Records from a data collection:
☆ ☆ ☆ ☆ ☆ ☆ ☆

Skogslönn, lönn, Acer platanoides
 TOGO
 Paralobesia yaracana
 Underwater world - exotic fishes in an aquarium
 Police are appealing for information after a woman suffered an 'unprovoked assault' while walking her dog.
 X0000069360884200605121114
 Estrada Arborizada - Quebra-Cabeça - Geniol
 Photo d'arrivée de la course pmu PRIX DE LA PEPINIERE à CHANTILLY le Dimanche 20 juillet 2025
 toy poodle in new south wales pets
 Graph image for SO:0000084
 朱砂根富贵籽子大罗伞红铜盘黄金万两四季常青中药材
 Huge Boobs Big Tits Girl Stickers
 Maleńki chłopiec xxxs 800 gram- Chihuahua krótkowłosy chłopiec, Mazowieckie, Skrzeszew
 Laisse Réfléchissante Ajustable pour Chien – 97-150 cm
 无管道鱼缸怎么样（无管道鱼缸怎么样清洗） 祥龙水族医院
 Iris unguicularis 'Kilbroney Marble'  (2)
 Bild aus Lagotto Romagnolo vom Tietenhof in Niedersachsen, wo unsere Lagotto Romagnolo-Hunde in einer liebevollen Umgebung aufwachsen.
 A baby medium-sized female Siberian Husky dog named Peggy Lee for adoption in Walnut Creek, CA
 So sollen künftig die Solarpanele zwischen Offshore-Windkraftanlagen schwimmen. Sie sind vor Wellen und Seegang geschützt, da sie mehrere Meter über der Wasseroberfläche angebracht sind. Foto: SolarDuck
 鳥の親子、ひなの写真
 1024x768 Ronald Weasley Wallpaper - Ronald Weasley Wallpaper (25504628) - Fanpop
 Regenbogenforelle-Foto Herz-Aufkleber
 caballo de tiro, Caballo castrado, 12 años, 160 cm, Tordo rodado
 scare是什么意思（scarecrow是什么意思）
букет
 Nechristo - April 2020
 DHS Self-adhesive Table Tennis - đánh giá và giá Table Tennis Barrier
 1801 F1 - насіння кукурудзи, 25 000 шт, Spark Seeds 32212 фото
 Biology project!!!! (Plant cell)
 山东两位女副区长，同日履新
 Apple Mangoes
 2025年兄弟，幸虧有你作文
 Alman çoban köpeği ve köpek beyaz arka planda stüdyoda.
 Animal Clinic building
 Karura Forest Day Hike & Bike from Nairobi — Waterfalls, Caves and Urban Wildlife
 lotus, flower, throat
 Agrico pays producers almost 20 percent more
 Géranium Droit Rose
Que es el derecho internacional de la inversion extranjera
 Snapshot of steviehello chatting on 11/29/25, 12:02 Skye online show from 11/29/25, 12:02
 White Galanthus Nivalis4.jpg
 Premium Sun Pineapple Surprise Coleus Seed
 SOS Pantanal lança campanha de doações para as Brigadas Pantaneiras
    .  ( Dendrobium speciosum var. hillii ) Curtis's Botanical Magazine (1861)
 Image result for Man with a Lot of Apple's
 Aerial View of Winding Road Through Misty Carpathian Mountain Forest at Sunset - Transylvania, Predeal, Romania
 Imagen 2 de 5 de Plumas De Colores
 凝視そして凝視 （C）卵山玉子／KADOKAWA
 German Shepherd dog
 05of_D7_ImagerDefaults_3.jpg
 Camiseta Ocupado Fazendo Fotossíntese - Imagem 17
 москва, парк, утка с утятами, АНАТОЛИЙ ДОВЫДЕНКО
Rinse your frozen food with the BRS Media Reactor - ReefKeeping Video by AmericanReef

☆ ☆ ☆ ☆ ☆ ☆ ☆

# [EXERCISE]
The lines from the top of the data above down to the line containing "lotus, flower, throat" are to be copied exactly; no other line should appear.

# [SOLUTION BELOW]
Skogslönn, lönn, Acer platanoides
 TOGO
 Paralobesia yaracana
 Underwater world - exotic fishes in an aquarium
 Police are appealing for information after a woman suffered an 'unprovoked assault' while walking her dog.
 X0000069360884200605121114
 Estrada Arborizada - Quebra-Cabeça - Geniol
 Photo d'arrivée de la course pmu PRIX DE LA PEPINIERE à CHANTILLY le Dimanche 20 juillet 2025
 toy poodle in new south wales pets
 Graph image for SO:0000084
 朱砂根富贵籽子大罗伞红铜盘黄金万两四季常青中药材
 Huge Boobs Big Tits Girl Stickers
 Maleńki chłopiec xxxs 800 gram- Chihuahua krótkowłosy chłopiec, Mazowieckie, Skrzeszew
 Laisse Réfléchissante Ajustable pour Chien – 97-150 cm
 无管道鱼缸怎么样（无管道鱼缸怎么样清洗） 祥龙水族医院
 Iris unguicularis 'Kilbroney Marble'  (2)
 Bild aus Lagotto Romagnolo vom Tietenhof in Niedersachsen, wo unsere Lagotto Romagnolo-Hunde in einer liebevollen Umgebung aufwachsen.
 A baby medium-sized female Siberian Husky dog named Peggy Lee for adoption in Walnut Creek, CA
 So sollen künftig die Solarpanele zwischen Offshore-Windkraftanlagen schwimmen. Sie sind vor Wellen und Seegang geschützt, da sie mehrere Meter über der Wasseroberfläche angebracht sind. Foto: SolarDuck
 鳥の親子、ひなの写真
 1024x768 Ronald Weasley Wallpaper - Ronald Weasley Wallpaper (25504628) - Fanpop
 Regenbogenforelle-Foto Herz-Aufkleber
 caballo de tiro, Caballo castrado, 12 años, 160 cm, Tordo rodado
 scare是什么意思（scarecrow是什么意思）
букет
 Nechristo - April 2020
 DHS Self-adhesive Table Tennis - đánh giá và giá Table Tennis Barrier
 1801 F1 - насіння кукурудзи, 25 000 шт, Spark Seeds 32212 фото
 Biology project!!!! (Plant cell)
 山东两位女副区长，同日履新
 Apple Mangoes
 2025年兄弟，幸虧有你作文
 Alman çoban köpeği ve köpek beyaz arka planda stüdyoda.
 Animal Clinic building
 Karura Forest Day Hike & Bike from Nairobi — Waterfalls, Caves and Urban Wildlife
 lotus, flower, throat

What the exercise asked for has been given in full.